Member of Parliament for Dollard
- In office 10 August 1953 – 31 July 1965
- Preceded by: Riding created
- Succeeded by: Jean-Pierre Goyer

Personal details
- Born: 19 February 1923 Montreal, Quebec, Canada
- Died: 7 October 2010 (aged 87)
- Party: Liberal
- Profession: Lawyer

= Guy Rouleau (politician) =

Canadian politician

Guy Rouleau (19 February 1923 - 7 October 2010) was a Liberal party member of the House of Commons of Canada. He was a lawyer by career.

He was first elected at the Dollard riding in the 1953 general election and re-elected for successive terms in 1957, 1958, 1962 and 1963, but his term in the Liberal caucus ended on 31 July 1965 before his term in the 26th Canadian Parliament ended. Rouleau did not seek further re-election after this.

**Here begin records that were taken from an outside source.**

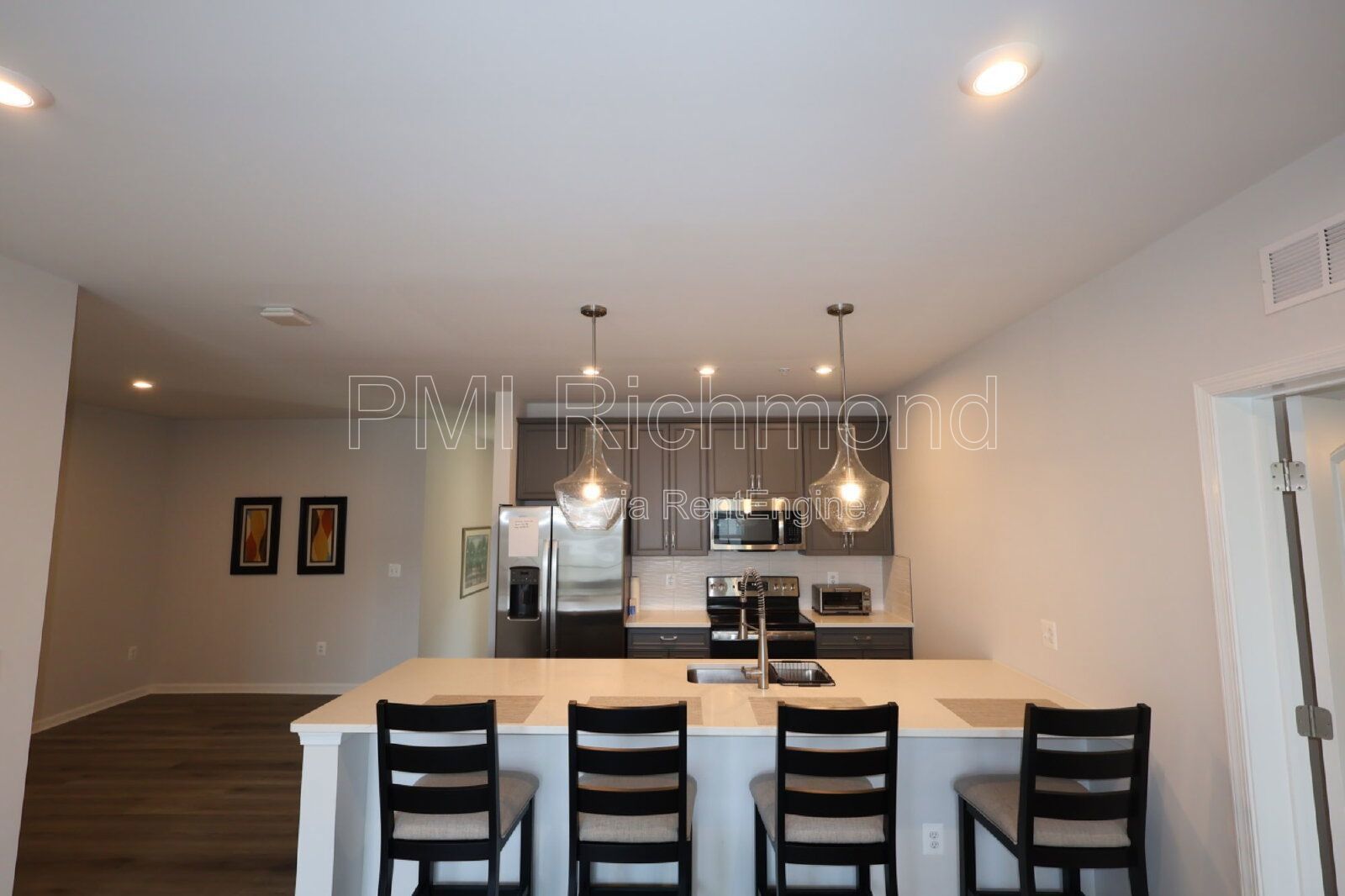 Modern Condo in Midlothian's Coalfield Station Subdivision! property image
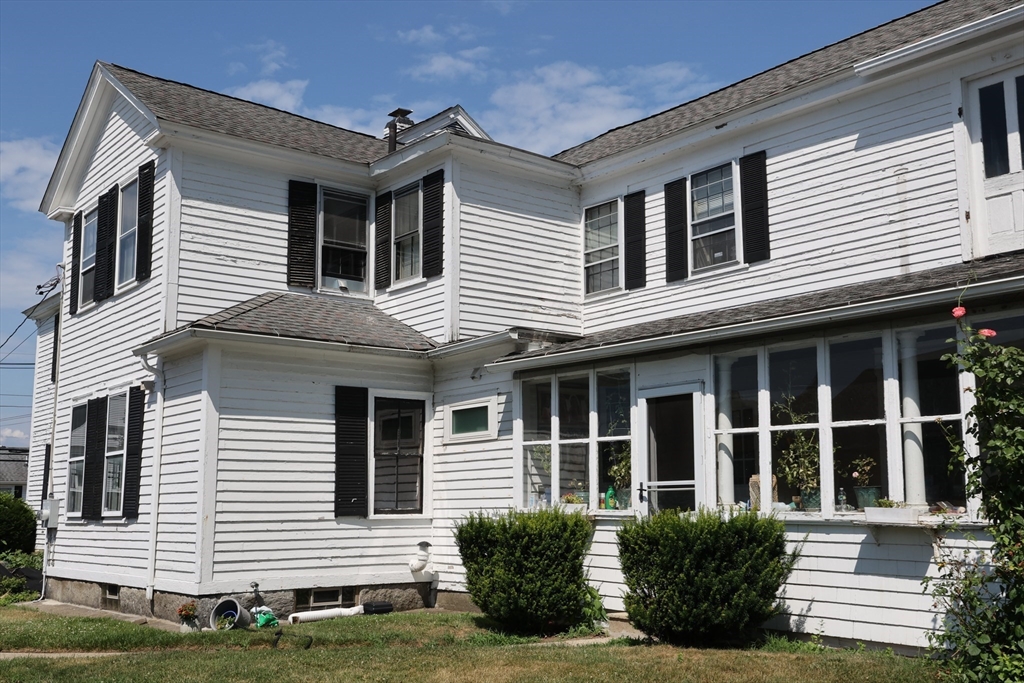 72 N Main St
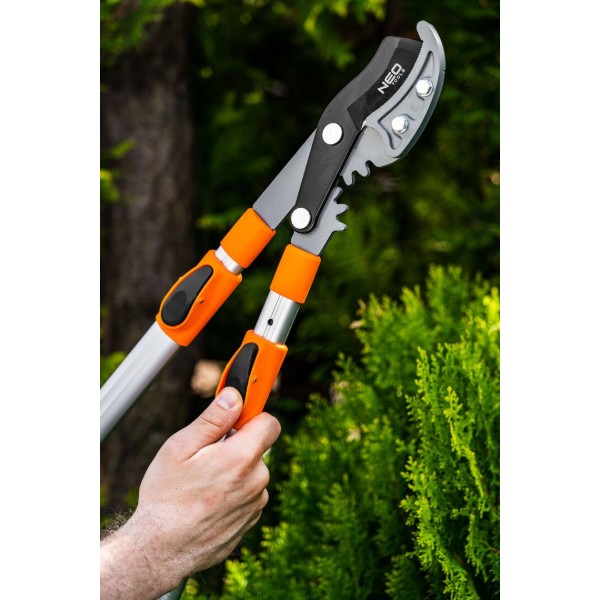 Фото - Сучкоріз Neo Tools 670-970 мм (15-254)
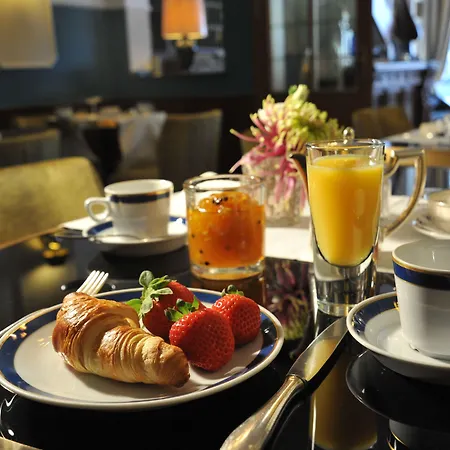 Rheinischer Hof 4*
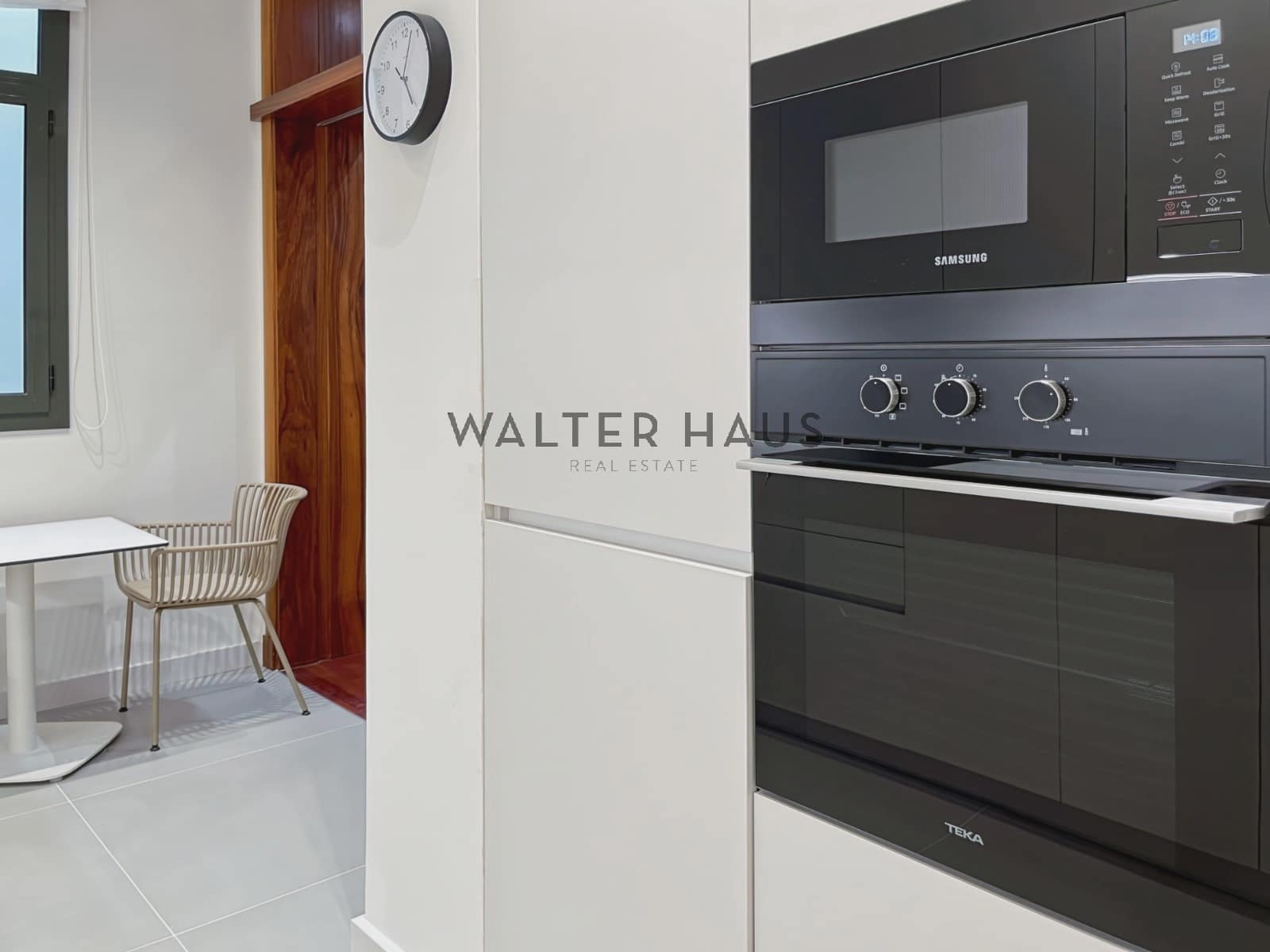 Piso de 2 habitaciones en Barcelona ciudad en alquiler - 2.800 € (Ref: 8506848)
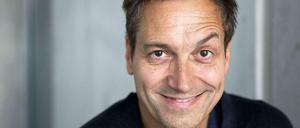 Dieter Nuhr, Kabarettist, Comedian, Witzbold, muss Kritik von Muslimen einstecken, weil er den Islam mit Frauenfeindlichkeit in Verbindung gebracht hat.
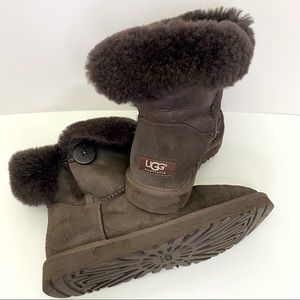 UGG Bailey Button II Suede Brown Boots, Sz 10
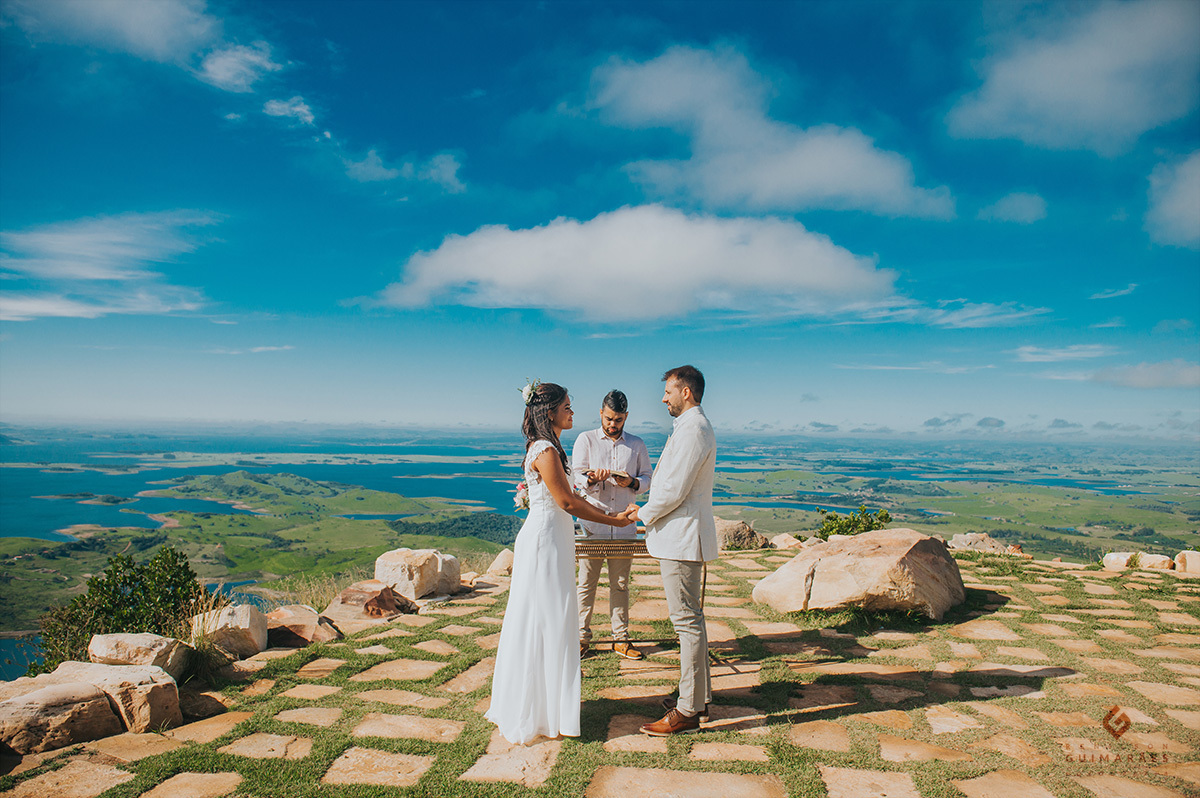 Os noivos em cerimônia no alto do morro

Rouleau became Parliamentary Secretary to Prime Minister Lester B. Pearson in February 1964. However, he was embroiled in a scandal in which Pearson's government was accused of bribery regarding attempts to secure bail for drug trafficker Lucien Rivard. The scandal affected numerous government careers, including that of Rouleau whose role as the Prime Minister's Secretary ended on 23 November 1964.